Reflecting on the past year is the best way to grow and make the upcoming year a great one. Doing just that in the gaming community could make 2015 one of the best years us gamers have ever experienced. In this two part series we’ll be looking at what the gamers and the game creators can do to improve the gaming community as a whole. In part two, we’ll be focusing on the game developers and publishers. What can they do on their end to improve the video game community? Let’s take a look!


Being Upfront

My first point has to do with the games’ marketers. I understand that it is their job to make sure their titles trend and get huge numbers across the internet, but selling the gaming market on a game that doesn’t meet the expectations that they’ve set only hurts the relationship between these companies and their consumers.

My advice would be focus on what the game does or innovates on. For instance, if your game is all about exploring and a great art style, then sell us on both of those things. If I pick up that game and am expecting a game where you explore the world, but not much else, I won’t be let down because I wasn’t expecting the world.

On the flip side though, if these marketers go out and tell us that the same game is going to change how we look at console gaming and a we’ll be emotionally moved unlike any other game ever and the title turns out to just be a plain, exploration game, they will experience a tremendous backlash.

I think that’s what the problem with Watch_Dogs and Destiny was. The gamers were told by these companies that these two new IP’s would make tremendous changes in their respective fields and when all was said and done, not many gamers felt that there were any key changes. I believe that if those in the marketing departments of these studios would just be more upfront and honest about what their game does well and right, then the general gaming community would eventually start to trust them.

 Setting Realistic Launch Dates

The big one for me is that these companies start to announce games wit realistic launch dates. I’m fine with delays when a developer puts that time to good  use, but I would rather have had a later launch date in the first place. These developers need to give themselves more time to work with.

I don’t know if it’s a cockiness, or publishers and investors pushing down on these studios, but I think that these developers get too confident in themselves and set a launch date that is too close. I believe that we saw this so much in the first year because many thought that they were just programming for mid tier to low end PC’s. Although both the PS4 and Xbox One are just that, I think that creating these games for them turned out to be harder than the developers actually expected.

For instance, we all know that Assassin’s Creed Unity shipped way too early. I can’t say for sure if it was those in upper management at Ubisoft pushing for an early release, or maybe the dev team just got lazy, but the game just wasn’t ready to be played in the state it shipped out.

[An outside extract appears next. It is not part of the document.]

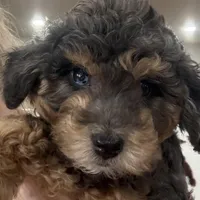 BLUE EYED MERLE F1BB Mini- AMAZING!!!, a female Miniature Goldendoodle for sale in Tulsa, OK – Photo 5 of 5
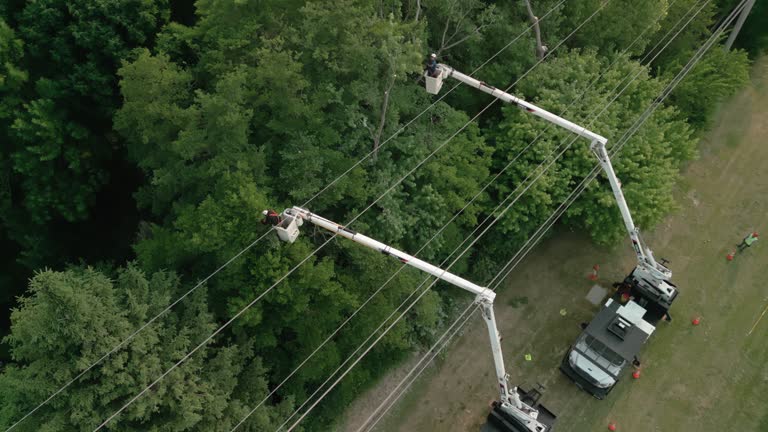 Best Commercial Tree Services  in Bunk Foss, WA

Although I personally didn’t encounter any crazy bugs or glitches, seeing the number of patches and the size of those patches really makes me scratch my head as to why Unity was allowed to be released in a state where patches could replace entire portions of the game.

So those are my two pieces of advice. I hope that you all agree with me that these two aspects can come together to improve trust in these developers and publishers will improve and in turn, improve the general state of the gaming community.